Full Disk Encryption: Misleading note on GRUB support for LUKS2

[ryanm0]

Currently, the void-docs page for full-disk encryption states:

Cryptsetup defaults to LUKS2, yet GRUB releases before 2.06 only had support for LUKS1. Therefore, it might make sense to force LUKS1 if you wish to achieve better compatibility.

GRUB 2.06 did add support for LUKS2 encryption, however cryptsetup's default key derivation function for LUKS2 (Argon2) does not have support as of GRUB 2.06 (see the cryptomount section of the GRUB documentation). The current wording seems to imply that LUKS2 will work by default, but you'd (theoretically[^1]) need to manually select PBKDF2 instead of Argon2 (with --pbkdf pbkdf2) if using LUKS2 with GRUB.
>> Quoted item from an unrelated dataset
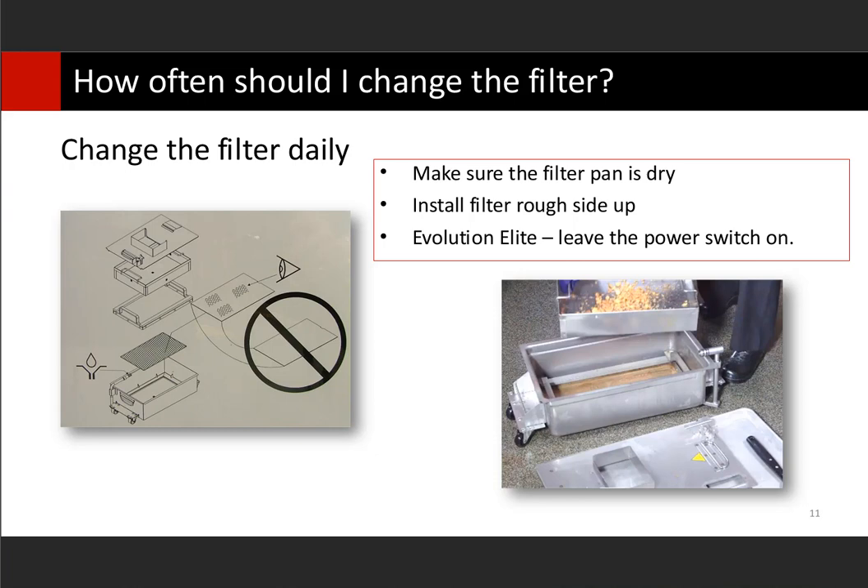If your filter doesn't get replaced on a regular basis, those particles fill up. If you have a filter envelope and the side is open, everything bigger than 70 microns is going to clog your pump. A lot of those service calls we see are just to unclog the pump. Filter clips are available to clip that shut — if you're missing those, you definitely need them. Some fryers use sealer bars to seal that end.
[^1]: I say theoretically here because the Arch Wiki's entry on GRUB claims that, in addition to GRUB not supporting Argon2, grub-install also doesn't support creating images for LUKS2. I haven't tested to see if this is actually the case even when selecting PBKDF2 (I gave up and just went with LUKS1 after LUKS2 with Argon2 didn't work).

[ahesford]

"GRUB releases before 2.06 only had support for LUKS1" does not imply that "LUKS 2 will work by default" on later releases. However, if you believe rewording th text would improve clarity, please PR some revisions.

[camoz]

It does not imply "LUKS 2 will work by default on later releases", but it heavily suggests it IMO. The PR looks good to me, FWIW, but I'm not a void dev.